Industry ETL Pipeline (with Atlantic Split)

A modular ETL pipeline that builds the Industry sector tables for the CANOE database.
It integrates NRCan (Comprehensive Energy Use Database), CER (Energy Futures macro indicators), and Statistics Canada Table 25-10-0029-01 to allocate Atlantic provinces (PEI, NB, NS, NLLAB).

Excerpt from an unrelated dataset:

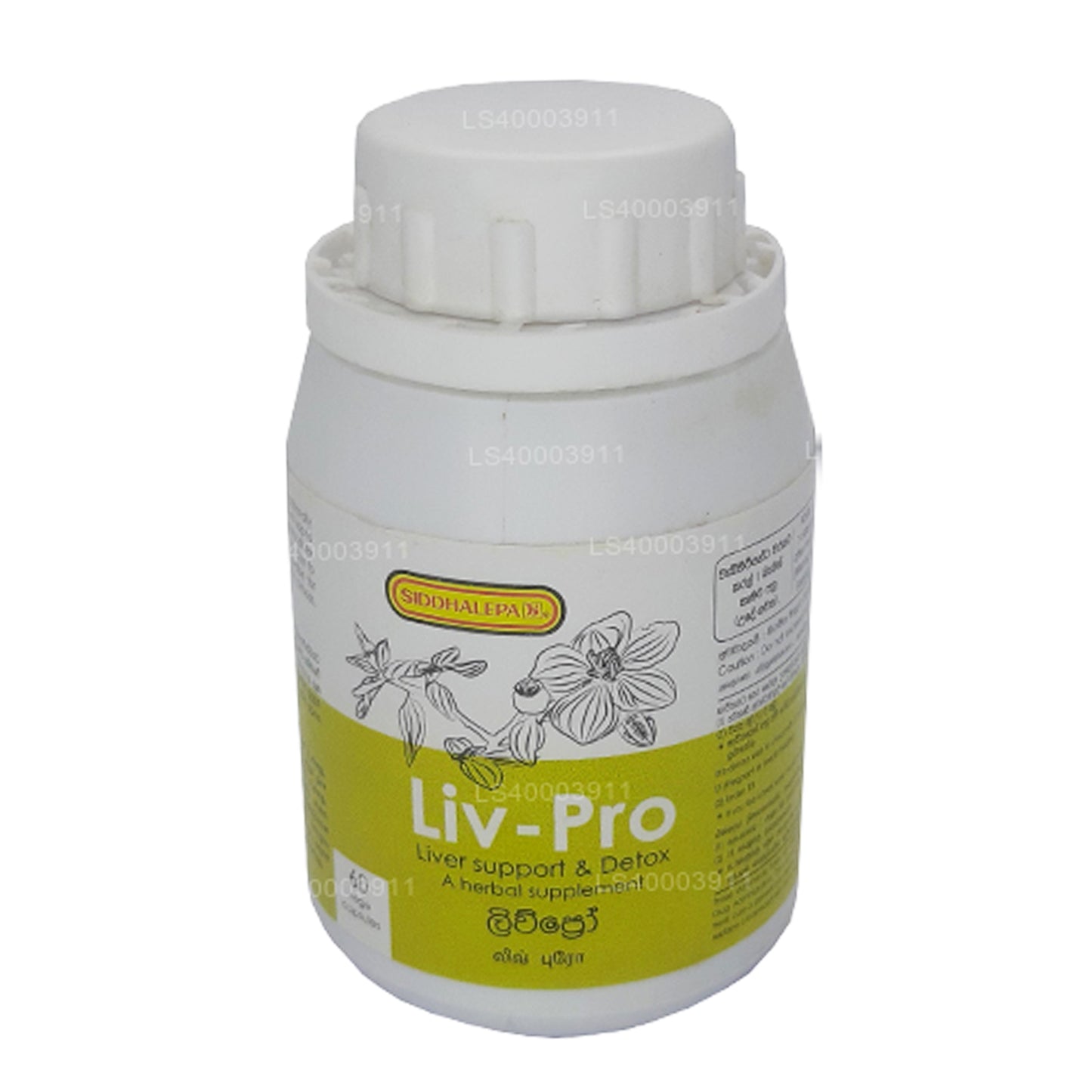 Siddhalepa Liv Pro (60 Caps)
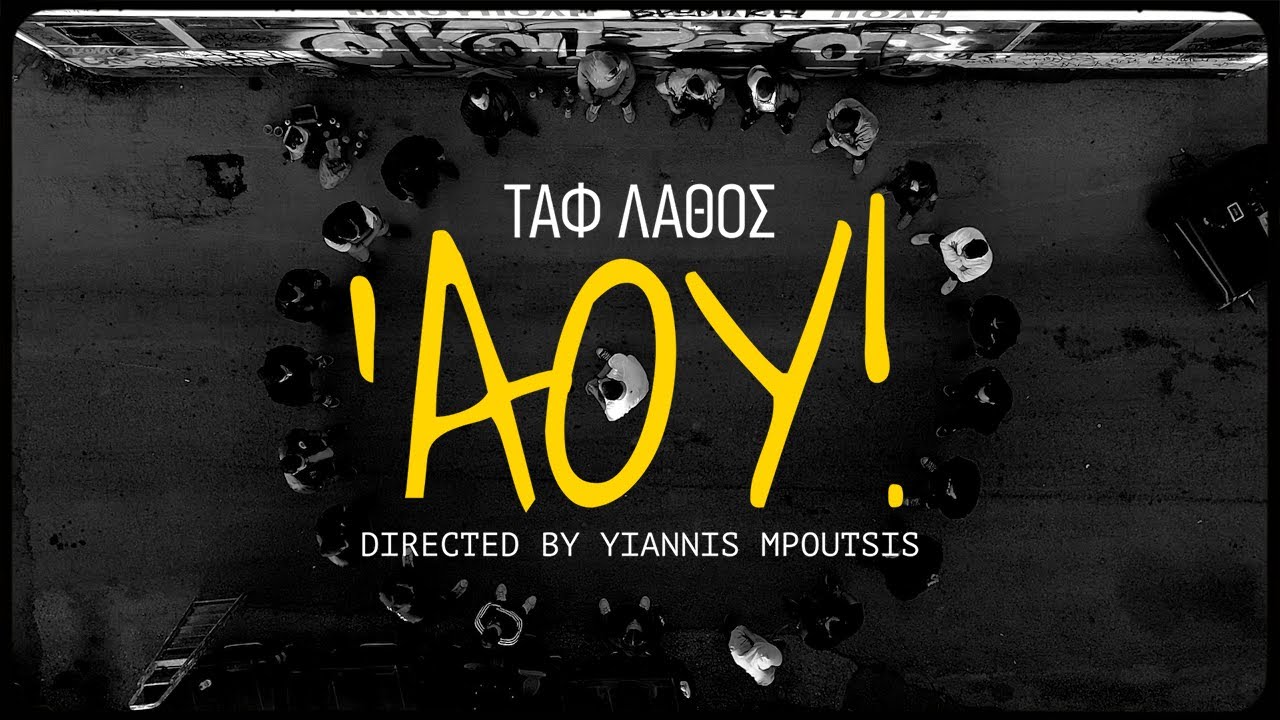 Watch Ταφ Λάθος - Άου! | Taf Lathos - Aou! ( Official Music Video ) on YouTube Watch Ταφ Λάθος - Άου! | Taf Lathos - Aou! ( Official Music Video ) on YouTube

This README documents the src/*_industry.py modules from the professional refactor.

Overview

The pipeline orchestrates these steps:

Setup: Create fresh SQLite DB from schema; introspect table structures to prepare empty DataFrames (comb_dict).
Technology & Commodity: Add Industry technologies and commodities, including demand commodities.
External Data: Fetch or load cached NRCan (industry aggregated tables) and CER (macro indicators).
Atlantic Shares (StatCan): Load ATL shares to distribute Atlantic aggregate values into PEI, NB, NS, NLLAB.
Demand & ExistingCapacity:
- Base year demand values from NRCan.
- Later years scaled by CER GDP growth.
- ATL provinces receive shares via StatCan allocation.
LimitTechInputSplitAnnual: Build fuel input splits per sector using NRCan share tables; handle n.a./X as remainder-to-100% and trim >100%.
Efficiency: Derived from LimitTechInputSplitAnnual (efficiency=1), mapping tech → output_comm (I_d_*).
Costs: Seed CostInvest rows (placeholders).
Post-processing: Add DataSet and DataSource metadata rows ([I1] NRCan, [I2] CER, [I3] StatCan).
Persist: Write all DataFrames into SQLite DB.

Project Layout

project/
├─ input/
│  └─ params.yaml
├─ outputs/
├─ cache/
├─ schema/
│  └─ schema_3_1.sql              # or schema_{X}.sql per params.yaml
├─ common.py
├─ setup_industry.py
├─ techcom_industry.py
├─ data_scraper_industry.py
├─ statcan_atl.py
├─ demands_industry.py
├─ costs_industry.py
├─ techinput_industry.py
├─ efficiency_industry.py
├─ post_processing_industry.py
├─ aggregator_industry.py
└─ requirements.txt

Prerequisites

Python 3.10+
Install dependencies from requirements.txt:

pip install -r requirements.txt

requirements.txt

pandas
pyyaml
requests

Quick Start

Configure input/params.yaml.
Ensure schema file exists in schema/ (e.g., schema_3_1.sql).
Run the aggregator:

python aggregator.py --db-name CAN_industry.sqlite

Output DB is written to outputs/CAN_industry.sqlite.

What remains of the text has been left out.